◆ TASK ◆
Once the line containing "Lexus UX 2022, foto 19" is found in the records below, return it and each following line exactly, up to and including the line containing "JUJUTSU KAISEN MASCOT FIGURE VOL.2", and nothing else.

◆ SUPPLIED MATERIAL ◆

........

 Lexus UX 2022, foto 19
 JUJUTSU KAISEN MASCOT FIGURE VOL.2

........

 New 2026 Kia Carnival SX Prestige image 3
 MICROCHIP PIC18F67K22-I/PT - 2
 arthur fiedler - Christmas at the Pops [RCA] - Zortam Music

........

◆ SOLUTION BELOW ◆
 Lexus UX 2022, foto 19
 JUJUTSU KAISEN MASCOT FIGURE VOL.2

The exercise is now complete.